I heard : "TheMquick brown fox jumps ovMr t:e lamy dog."

Or it may come from a file:

$ ./telephone.py ../inputs/fox.txt
You said: "The quick brown fox jumps over the lazy dog."
I heard : "The quick]b'own fox jumps ovek the la[y dog."

The program should accept an -m or --mutations option, which should be a floating-point number between 0 and 1 with a default value of 0.1 (10%). This will be the percentage of the number of letters that should be altered.

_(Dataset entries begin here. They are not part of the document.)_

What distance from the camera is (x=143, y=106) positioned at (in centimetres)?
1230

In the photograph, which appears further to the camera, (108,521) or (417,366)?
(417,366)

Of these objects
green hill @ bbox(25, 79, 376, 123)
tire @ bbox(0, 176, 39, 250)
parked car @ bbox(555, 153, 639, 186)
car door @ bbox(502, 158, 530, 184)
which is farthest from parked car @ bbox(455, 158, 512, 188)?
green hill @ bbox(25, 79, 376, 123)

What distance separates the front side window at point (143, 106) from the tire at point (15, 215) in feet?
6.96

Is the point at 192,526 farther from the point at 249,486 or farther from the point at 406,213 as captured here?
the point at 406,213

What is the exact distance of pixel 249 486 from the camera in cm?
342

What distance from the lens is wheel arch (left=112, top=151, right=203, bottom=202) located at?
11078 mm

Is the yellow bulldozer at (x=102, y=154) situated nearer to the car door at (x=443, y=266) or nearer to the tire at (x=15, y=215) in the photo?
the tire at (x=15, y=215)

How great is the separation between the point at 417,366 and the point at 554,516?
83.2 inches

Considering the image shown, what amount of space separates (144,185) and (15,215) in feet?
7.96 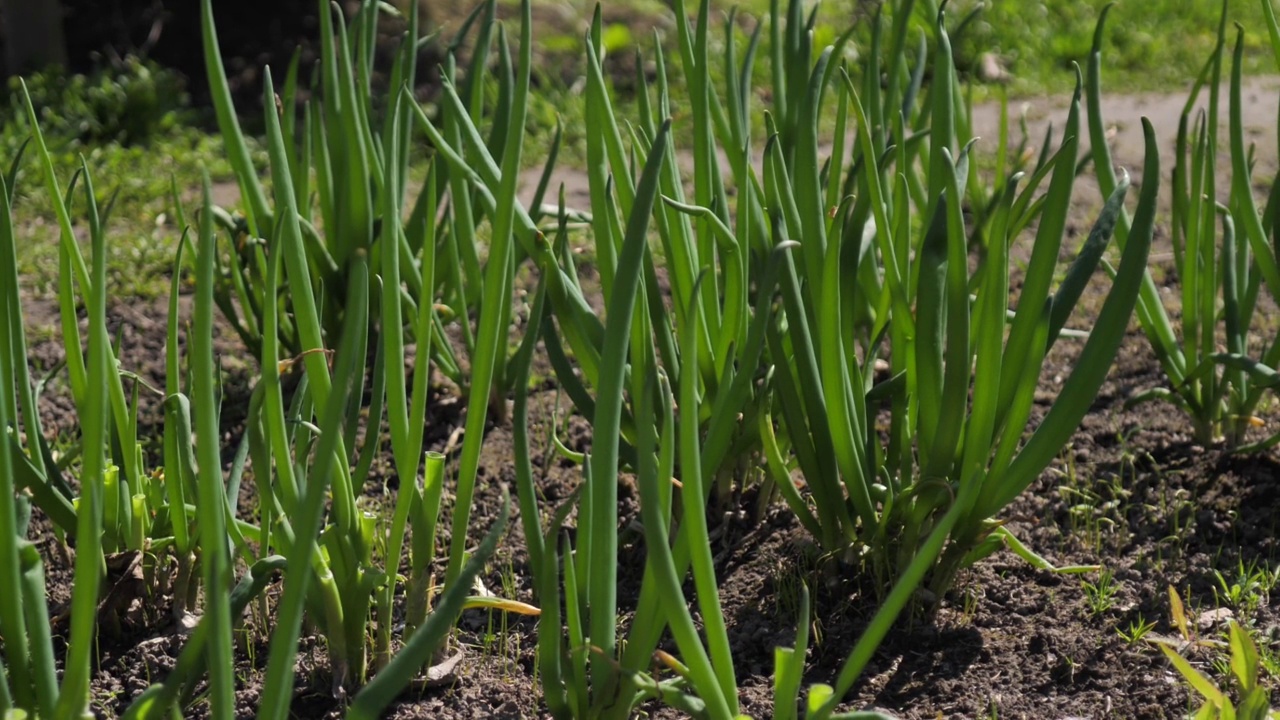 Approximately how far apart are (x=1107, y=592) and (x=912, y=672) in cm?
30

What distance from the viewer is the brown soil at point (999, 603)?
1.48m

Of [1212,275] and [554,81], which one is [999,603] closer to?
[1212,275]

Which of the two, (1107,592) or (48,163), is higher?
(48,163)

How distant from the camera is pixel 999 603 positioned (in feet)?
5.45

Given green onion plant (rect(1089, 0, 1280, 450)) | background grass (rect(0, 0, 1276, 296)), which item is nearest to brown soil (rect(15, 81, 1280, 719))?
green onion plant (rect(1089, 0, 1280, 450))

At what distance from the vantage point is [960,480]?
58.5 inches

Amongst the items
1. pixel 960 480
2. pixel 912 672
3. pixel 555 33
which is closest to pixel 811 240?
pixel 960 480

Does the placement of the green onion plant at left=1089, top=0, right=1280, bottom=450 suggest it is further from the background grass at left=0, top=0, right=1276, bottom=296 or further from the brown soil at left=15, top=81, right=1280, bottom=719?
the background grass at left=0, top=0, right=1276, bottom=296

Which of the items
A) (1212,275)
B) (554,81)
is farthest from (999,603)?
(554,81)

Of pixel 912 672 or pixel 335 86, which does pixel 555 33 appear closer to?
pixel 335 86

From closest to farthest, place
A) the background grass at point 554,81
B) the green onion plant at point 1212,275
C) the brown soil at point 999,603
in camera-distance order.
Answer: the brown soil at point 999,603 → the green onion plant at point 1212,275 → the background grass at point 554,81

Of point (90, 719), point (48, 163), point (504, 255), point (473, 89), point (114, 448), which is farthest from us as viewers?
point (473, 89)

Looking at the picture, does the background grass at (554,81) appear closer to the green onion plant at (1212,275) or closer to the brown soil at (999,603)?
the green onion plant at (1212,275)

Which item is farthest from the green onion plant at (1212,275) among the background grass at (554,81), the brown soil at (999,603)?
the background grass at (554,81) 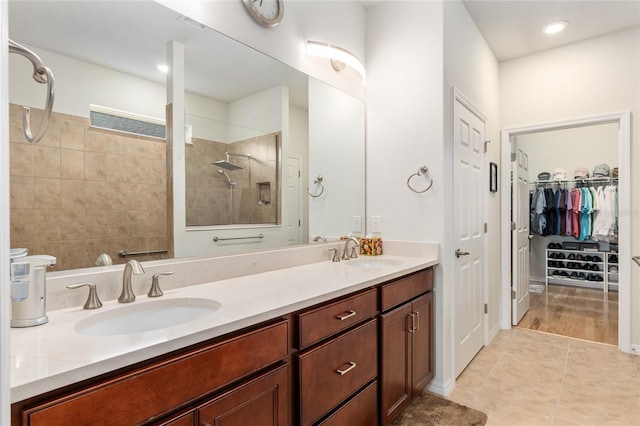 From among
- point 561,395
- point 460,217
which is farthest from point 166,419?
point 561,395

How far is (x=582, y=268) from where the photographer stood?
523 cm

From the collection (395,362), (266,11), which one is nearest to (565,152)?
(395,362)

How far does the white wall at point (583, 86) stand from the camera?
9.39 ft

For instance, .5 means that 50% of the letters should be changed:

$ ./telephone.py ../inputs/fox.txt -m .5
You said: "The quick brown fox jumps over the lazy dog."
I heard : "F#eYquJsY ZrHnna"o. Muz/$ Nver t/Relazy dA!."

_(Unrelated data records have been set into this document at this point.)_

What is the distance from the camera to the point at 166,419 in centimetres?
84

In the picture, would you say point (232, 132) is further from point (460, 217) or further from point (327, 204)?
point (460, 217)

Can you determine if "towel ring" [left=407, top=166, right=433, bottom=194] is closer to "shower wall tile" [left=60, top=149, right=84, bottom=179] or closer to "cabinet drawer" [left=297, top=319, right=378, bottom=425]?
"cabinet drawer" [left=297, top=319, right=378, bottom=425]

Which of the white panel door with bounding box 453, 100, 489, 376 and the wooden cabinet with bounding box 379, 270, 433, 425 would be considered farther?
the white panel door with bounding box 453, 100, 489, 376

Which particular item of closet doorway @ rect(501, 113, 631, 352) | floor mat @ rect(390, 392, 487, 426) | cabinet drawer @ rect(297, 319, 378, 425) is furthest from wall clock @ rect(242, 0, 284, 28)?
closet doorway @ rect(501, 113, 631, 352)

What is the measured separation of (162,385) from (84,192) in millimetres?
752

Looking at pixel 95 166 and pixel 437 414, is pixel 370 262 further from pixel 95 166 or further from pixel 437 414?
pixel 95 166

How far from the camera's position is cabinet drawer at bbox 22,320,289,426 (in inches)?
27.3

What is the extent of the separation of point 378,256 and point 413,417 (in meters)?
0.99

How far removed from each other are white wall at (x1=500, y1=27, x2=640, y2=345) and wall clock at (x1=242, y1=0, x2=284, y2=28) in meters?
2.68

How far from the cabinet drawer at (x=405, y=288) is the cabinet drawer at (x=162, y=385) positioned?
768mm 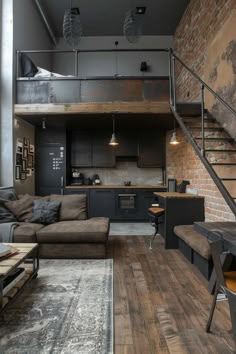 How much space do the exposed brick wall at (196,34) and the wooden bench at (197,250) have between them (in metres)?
2.94

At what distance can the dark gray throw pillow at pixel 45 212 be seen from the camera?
4055 millimetres

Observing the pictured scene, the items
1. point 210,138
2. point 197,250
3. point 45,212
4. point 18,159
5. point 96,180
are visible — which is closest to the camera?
point 197,250

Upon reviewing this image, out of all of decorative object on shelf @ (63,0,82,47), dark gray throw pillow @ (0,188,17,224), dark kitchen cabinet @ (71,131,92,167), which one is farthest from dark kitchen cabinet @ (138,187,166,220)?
decorative object on shelf @ (63,0,82,47)

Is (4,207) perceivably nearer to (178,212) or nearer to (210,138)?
(178,212)

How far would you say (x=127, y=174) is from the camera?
7.23 metres

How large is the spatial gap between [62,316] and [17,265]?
1.91 feet

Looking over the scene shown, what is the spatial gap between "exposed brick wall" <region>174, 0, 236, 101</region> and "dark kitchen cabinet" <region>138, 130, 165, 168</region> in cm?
117

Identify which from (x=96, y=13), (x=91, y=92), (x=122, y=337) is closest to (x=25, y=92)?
(x=91, y=92)

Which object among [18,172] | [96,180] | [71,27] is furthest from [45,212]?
[71,27]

Because we are using the random module, we’ll accept an int value for the -s or --seed option, so that we can reproduce our pseudo-random selections:

$ ./telephone.py ../inputs/fox.txt -s 1
You said: "The quick brown fox jumps over the lazy dog."
I heard : "The 'uicq brown *ox jumps over the l-zy dog."

Figure 10.1 shows a string diagram of the program.

Figure 10.1 The telephone program will accept text and possibly some percentage of mutations, along with a random seed. The output will be a randomly mutated version of the input text.

In this exercise, you will learn to

  • Round numbers

  • Use the string module

  • Modify strings and lists to introduce random mutations

10.1 Writing telephone.py

I recommend you use the new.py program to create a new program called telephone.py in the 10_telephone directory. You could do this from the top level of the repository like so:

$ ./bin/new.py 10_telephone/telephone.py

You could also copy template/template.py to 10_telephone/telephone.py. Modify the get_args() function until your -h output matches the following. I would recommend you use type=float for the mutations parameter:

$ ./telephone.py -h
usage: telephone.py [-h] [-s seed] [-m mutations] text
 
Telephone
 
positional arguments:
  text                  Input text or file
 
optional arguments:
  -h, --help            show this help message and exit
  -s seed, --seed seed  Random seed (default: None)
  -m mutations, --mutations mutations
                        Percent mutations (default: 0.1)

Now run the test suite. You should pass at least the first two tests (the telephone.py program exists and prints a usage statement when run with -h or --help).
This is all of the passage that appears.